2012年9月に日本で開催された第3回「世界料理サミット」。世界屈指の料理人が一堂に会し、創造性豊かな料理を披露した。トップシェフたちが斬新な発想で引き出す日本の食材の新しい魅力に迫る。

世界のトップシェフが東京に集結

世界料理サミット
スペイン・バスク州に料理研究機関「バスク・クリナリー・センター」がある。その国際顧問委員会は世界9カ国(スペイン、イタリア、英国、米国、フランス、ペルー、デンマーク、ブラジル、日本)の料理家9人で構成され「G9」と呼ばれる。2009年には東京で第1回世界料理サミットを開催した。サミット3回目の「TOKYO TASTE 2012」には、米国大統領の料理顧問を務めるダン・バーバー氏らG9メンバー6人に加え、ドイツ「アクア」のスヴェン・エルファーフェルト氏ら特別招待ゲスト5人が出席。9月22日から25日にかけて、仙台での交流会や東京でのシンポジウム、デモンストレーションなどさまざまなイベントが行われた。
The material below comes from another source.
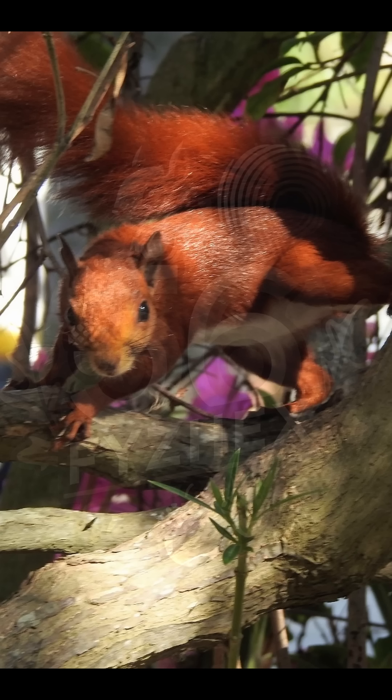Red-tailed squirrels are agile climbers, often leaping between branches at high speeds. They build leafy dreys high in trees and utilize tree hollows for shelter. Typically solitary, they are most active during early morning and late afternoon.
料理界にも世界のリーダーたちが集う「サミット」があるのをご存知だろうか。2009年に東京で開催されて話題を呼んだ「世界料理サミットTOKYO TASTE」が2012年、3年ぶりに戻ってきた。

今回そろったのも世界の料理界を代表するそうそうたる顔ぶれ。レストラン界のアカデミー賞と称され、国際的な影響力を持つ英国の「世界のベストレストラン50」の2012年ランキングで上位を占めるレストランのシェフたちが一堂に会した。

このサミットは、世界各国の料理界が交流を深める機会として重要な意味を持つ。今回は特に、東日本大震災の復興を支援する意図が込められた。被災地・仙台で行われた交流会に出席した世界のトップシェフたちにとって、東北の食材を「発見」する機会ともなった。G9メンバーでサミット実行委員長を務めた服部幸應(ゆきお)氏は、「日本食や食材の品質の高さや調理法、食材への考え方は今や世界で欠かすことのできない存在」と語る。今回来日した世界屈指のシェフたちの創作に、日本の食がどのように反映されていたかに注目しよう。

サミット実行委員長の服部幸應氏(服部学園理事長)

「世界一予約が取れないレストラン」として知られたスペイン「エルブジ」(2011年7月閉店)のフェラン・アドリア氏。G9の委員長として「料理人の教育が重要」と強調した。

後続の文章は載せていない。